PROVIDED DATA
+---+
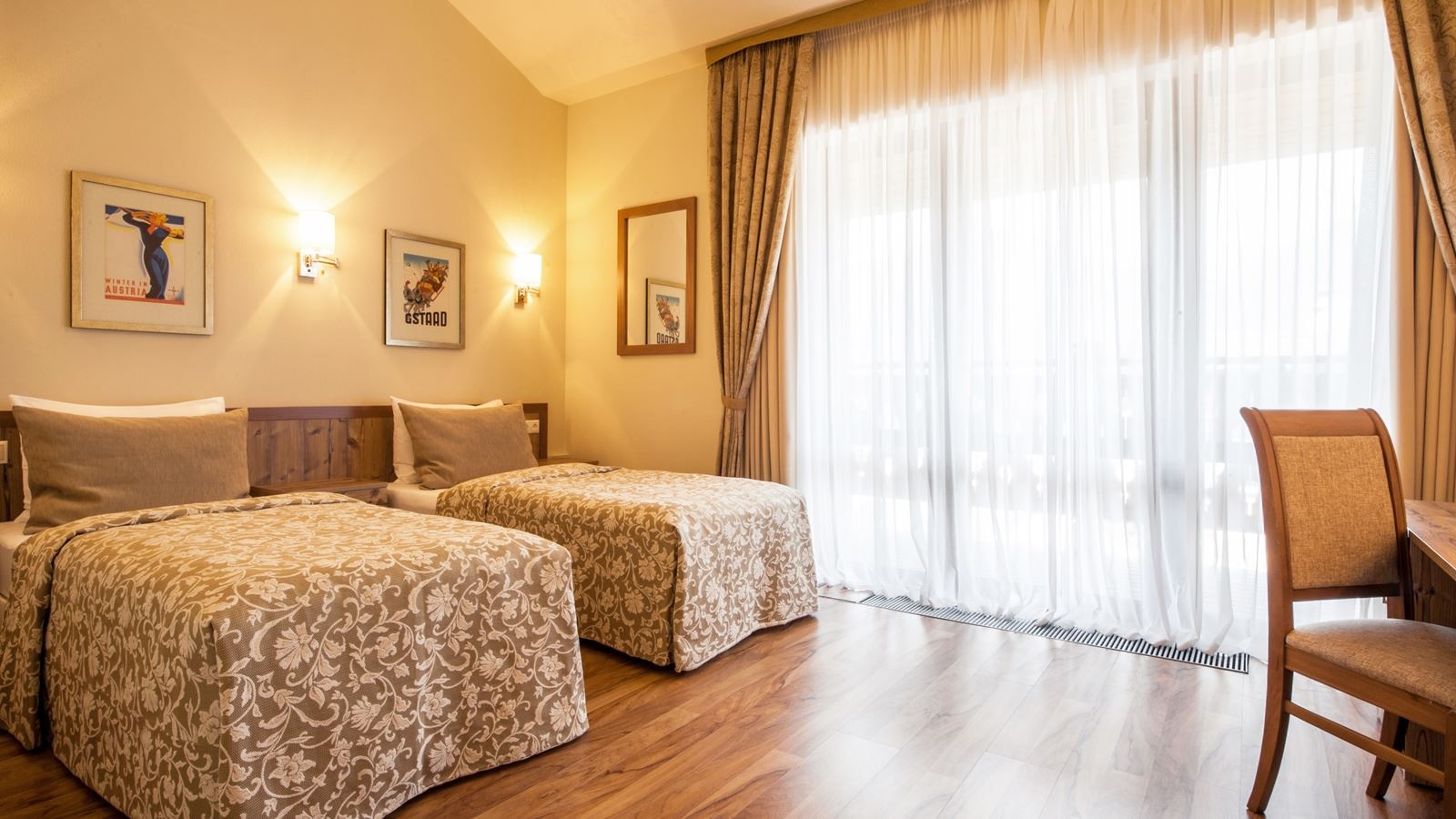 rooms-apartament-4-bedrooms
+---+
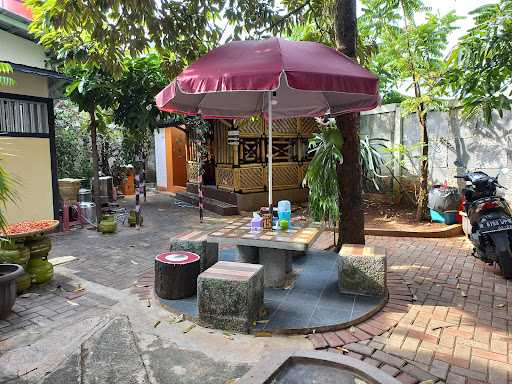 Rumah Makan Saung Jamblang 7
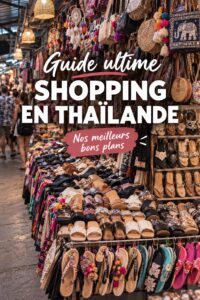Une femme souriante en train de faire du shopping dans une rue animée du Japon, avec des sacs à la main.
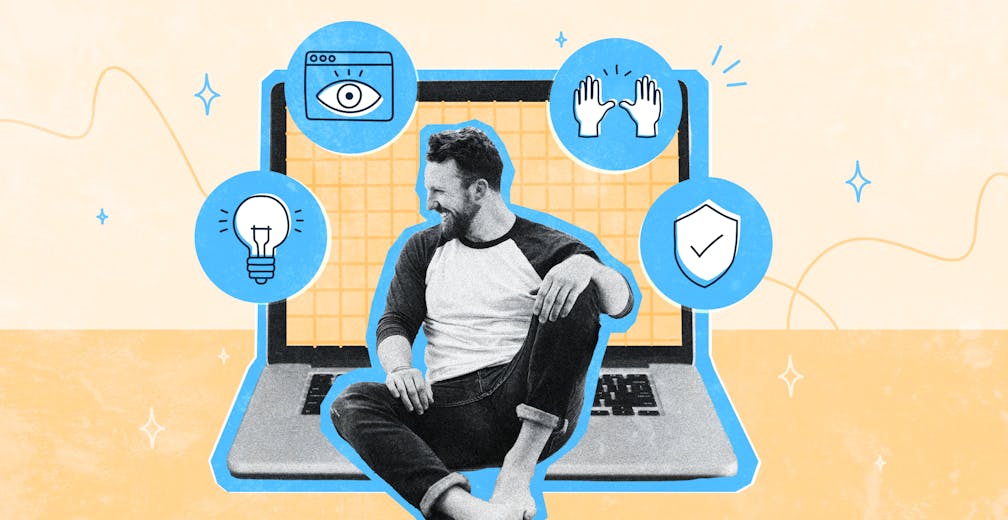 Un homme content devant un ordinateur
+---+
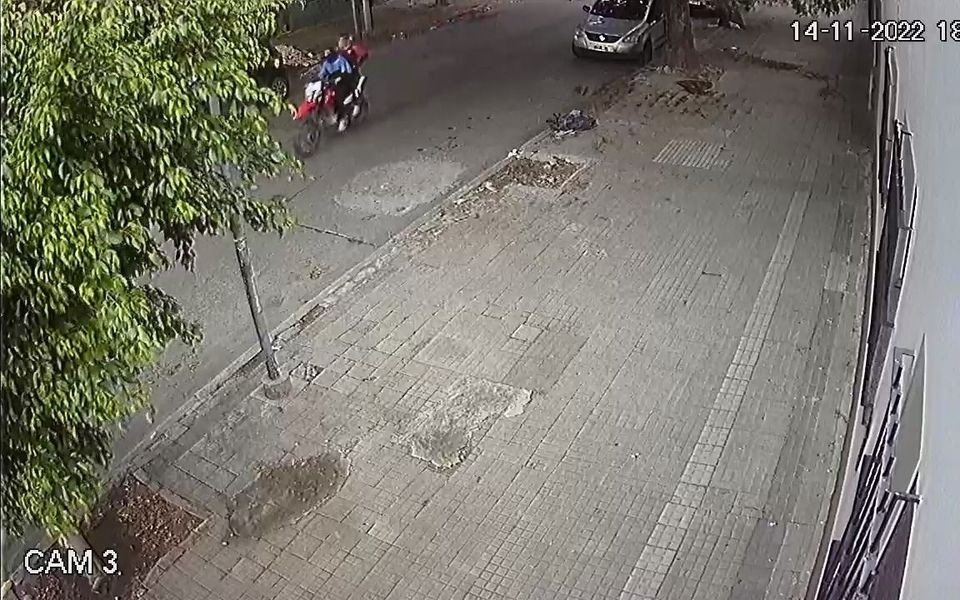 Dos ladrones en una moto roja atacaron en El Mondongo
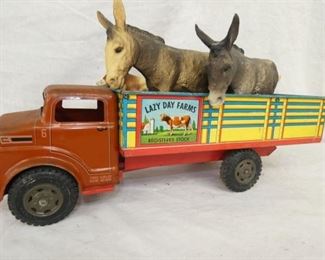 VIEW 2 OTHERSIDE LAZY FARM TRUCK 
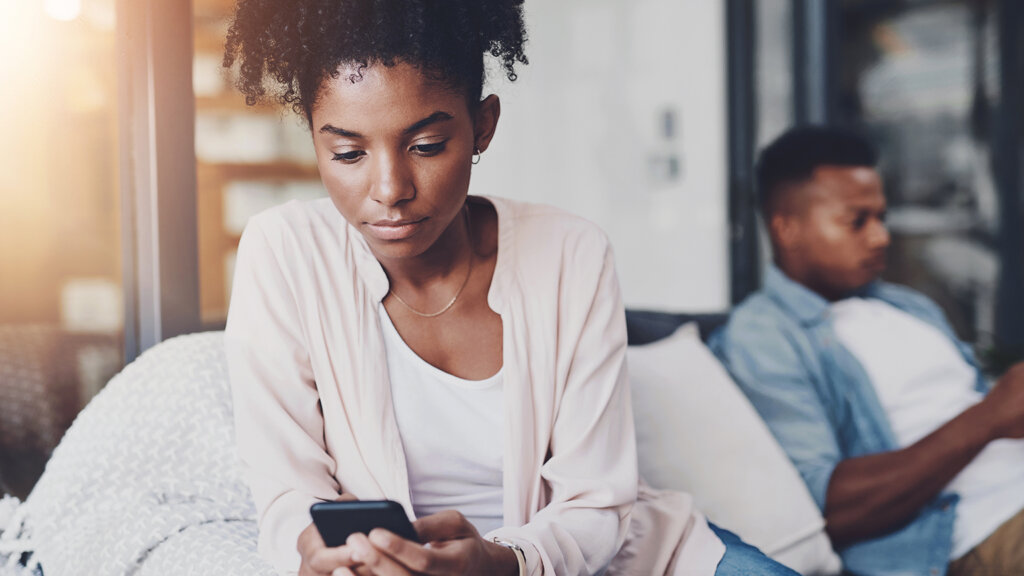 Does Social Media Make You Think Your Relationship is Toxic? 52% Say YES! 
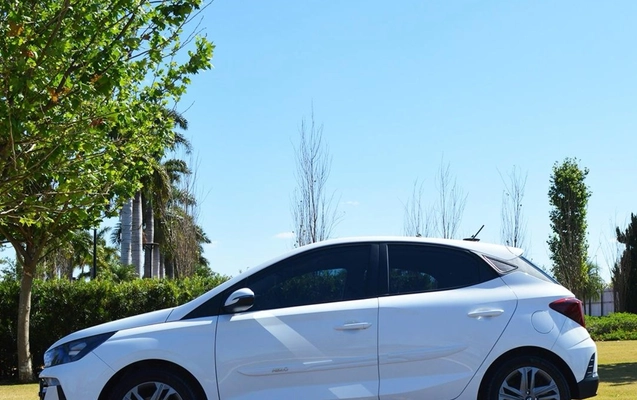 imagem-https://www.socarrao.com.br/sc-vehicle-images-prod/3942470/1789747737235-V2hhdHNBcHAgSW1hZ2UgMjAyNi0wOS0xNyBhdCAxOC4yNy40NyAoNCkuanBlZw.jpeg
+---+
Without the pictures, give again exactly the lines above starting at the line containing "Dos ladrones en" and ending at the line containing "Does Social Media".

ANSWER SECTION
 Dos ladrones en una moto roja atacaron en El Mondongo
 VIEW 2 OTHERSIDE LAZY FARM TRUCK 
 Does Social Media Make You Think Your Relationship is Toxic? 52% Say YES! 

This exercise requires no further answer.